The problem = Repeat exactly the lines below that lie between the line with "this 1270×952 image." and the line with "this 720×480 image.", counting both of those lines as part of the answer.

Input data =
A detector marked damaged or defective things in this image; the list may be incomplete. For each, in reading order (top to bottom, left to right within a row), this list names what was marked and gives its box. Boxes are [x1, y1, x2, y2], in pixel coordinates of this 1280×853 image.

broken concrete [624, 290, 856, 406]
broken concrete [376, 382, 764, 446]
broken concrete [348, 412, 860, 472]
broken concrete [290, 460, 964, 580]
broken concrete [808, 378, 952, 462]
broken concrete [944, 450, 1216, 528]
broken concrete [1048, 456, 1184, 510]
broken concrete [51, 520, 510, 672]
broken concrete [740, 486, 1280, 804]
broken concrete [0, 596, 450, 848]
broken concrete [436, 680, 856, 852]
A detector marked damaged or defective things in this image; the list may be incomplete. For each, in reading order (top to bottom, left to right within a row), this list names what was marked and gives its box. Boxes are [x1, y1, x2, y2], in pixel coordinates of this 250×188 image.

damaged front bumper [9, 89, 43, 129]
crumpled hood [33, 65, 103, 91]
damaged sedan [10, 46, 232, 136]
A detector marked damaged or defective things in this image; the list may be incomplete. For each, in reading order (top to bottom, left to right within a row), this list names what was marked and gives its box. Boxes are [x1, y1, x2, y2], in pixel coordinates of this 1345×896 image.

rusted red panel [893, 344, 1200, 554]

...

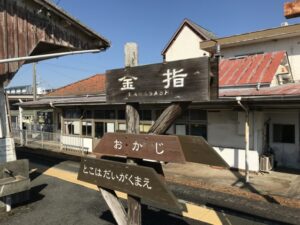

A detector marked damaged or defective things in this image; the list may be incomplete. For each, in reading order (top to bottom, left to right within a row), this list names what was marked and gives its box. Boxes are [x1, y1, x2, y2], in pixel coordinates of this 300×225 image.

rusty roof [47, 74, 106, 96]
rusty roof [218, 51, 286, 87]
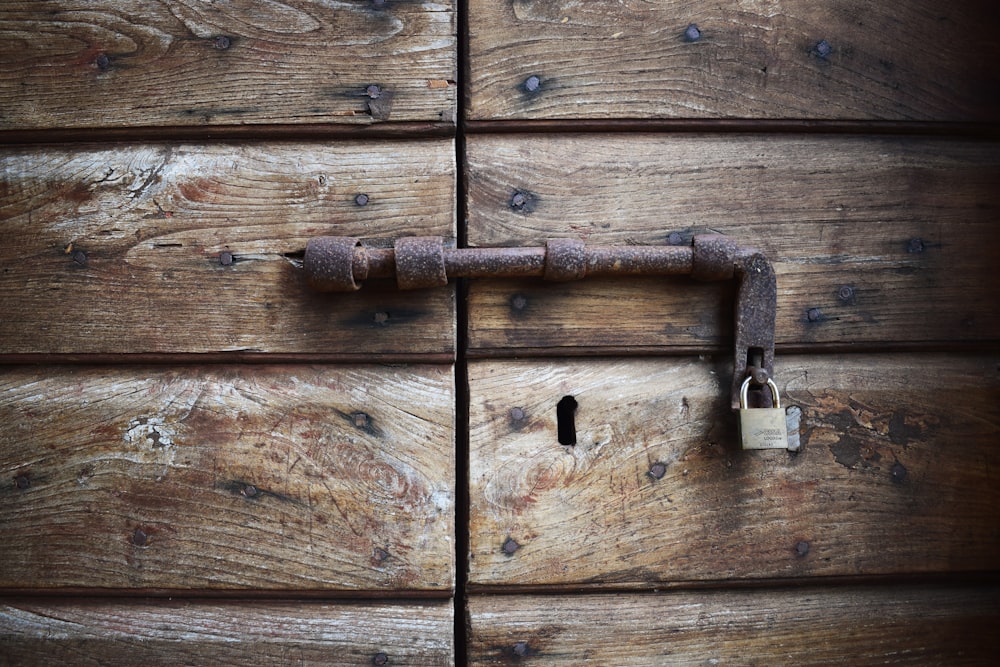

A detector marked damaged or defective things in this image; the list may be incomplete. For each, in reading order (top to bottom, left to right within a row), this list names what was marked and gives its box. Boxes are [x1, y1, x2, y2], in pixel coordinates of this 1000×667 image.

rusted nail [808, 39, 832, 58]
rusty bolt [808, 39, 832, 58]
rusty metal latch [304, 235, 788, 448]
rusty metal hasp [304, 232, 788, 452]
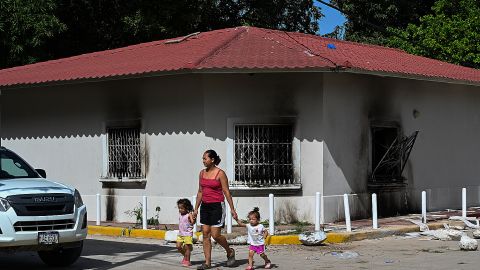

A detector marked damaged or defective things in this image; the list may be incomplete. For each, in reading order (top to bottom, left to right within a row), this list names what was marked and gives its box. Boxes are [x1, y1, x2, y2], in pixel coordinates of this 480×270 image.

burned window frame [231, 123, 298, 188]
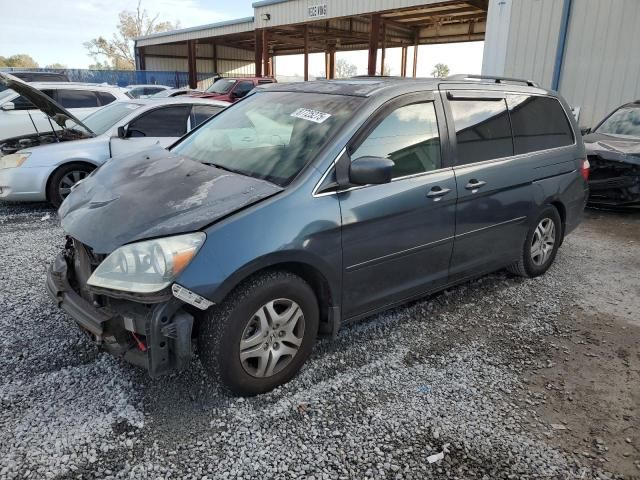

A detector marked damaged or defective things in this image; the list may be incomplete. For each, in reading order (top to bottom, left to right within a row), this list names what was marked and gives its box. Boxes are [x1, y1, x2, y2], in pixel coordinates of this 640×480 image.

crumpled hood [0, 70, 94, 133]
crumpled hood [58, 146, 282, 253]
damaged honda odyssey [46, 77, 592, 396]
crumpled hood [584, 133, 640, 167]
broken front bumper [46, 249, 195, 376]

...

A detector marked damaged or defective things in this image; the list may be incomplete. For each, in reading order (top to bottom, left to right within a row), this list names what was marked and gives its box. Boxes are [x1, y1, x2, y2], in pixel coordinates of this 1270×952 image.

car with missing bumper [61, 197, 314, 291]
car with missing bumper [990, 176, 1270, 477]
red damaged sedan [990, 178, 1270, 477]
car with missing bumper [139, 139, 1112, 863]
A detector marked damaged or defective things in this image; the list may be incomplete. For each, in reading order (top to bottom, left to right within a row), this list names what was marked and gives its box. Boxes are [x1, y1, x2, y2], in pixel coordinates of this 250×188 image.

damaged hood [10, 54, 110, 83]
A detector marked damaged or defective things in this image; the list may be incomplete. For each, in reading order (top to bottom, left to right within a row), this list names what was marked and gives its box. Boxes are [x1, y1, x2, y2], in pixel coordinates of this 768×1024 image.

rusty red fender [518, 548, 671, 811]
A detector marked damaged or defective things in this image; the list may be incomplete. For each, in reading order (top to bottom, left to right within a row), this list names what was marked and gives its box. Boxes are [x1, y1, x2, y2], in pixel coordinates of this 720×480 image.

Your solution =
A detector marked damaged or defective things in this image; the list may be incomplete. For each, in reading order (top to bottom, left to right within a row), this list names what was marked and gives its box. Boxes are [x1, y1, x2, y2], in pixel coordinates of this 1270×952 image.

car with missing bumper [61, 197, 314, 291]
car with missing bumper [990, 176, 1270, 477]
red damaged sedan [990, 178, 1270, 477]
car with missing bumper [139, 139, 1112, 863]
A detector marked damaged or defective things in this image; the list may be incomplete. For each, in reading order (top to bottom, left to right within a row), this list names what was marked and gives its box. Boxes are [x1, y1, x2, y2], in pixel coordinates of this 250×188 image.

damaged hood [10, 54, 110, 83]
A detector marked damaged or defective things in this image; the list may be incomplete. For each, in reading order (top to bottom, left to right within a row), this list names what was marked and gives its box. Boxes are [x1, y1, x2, y2], in pixel coordinates of this 768×1024 image.

rusty red fender [518, 548, 671, 811]
A detector marked damaged or defective things in this image; the list may be incomplete. For each, in reading order (top to bottom, left to right within a row), this list names what was marked and gives its box. Boxes are [x1, y1, x2, y2], in pixel coordinates of this 720×480 image.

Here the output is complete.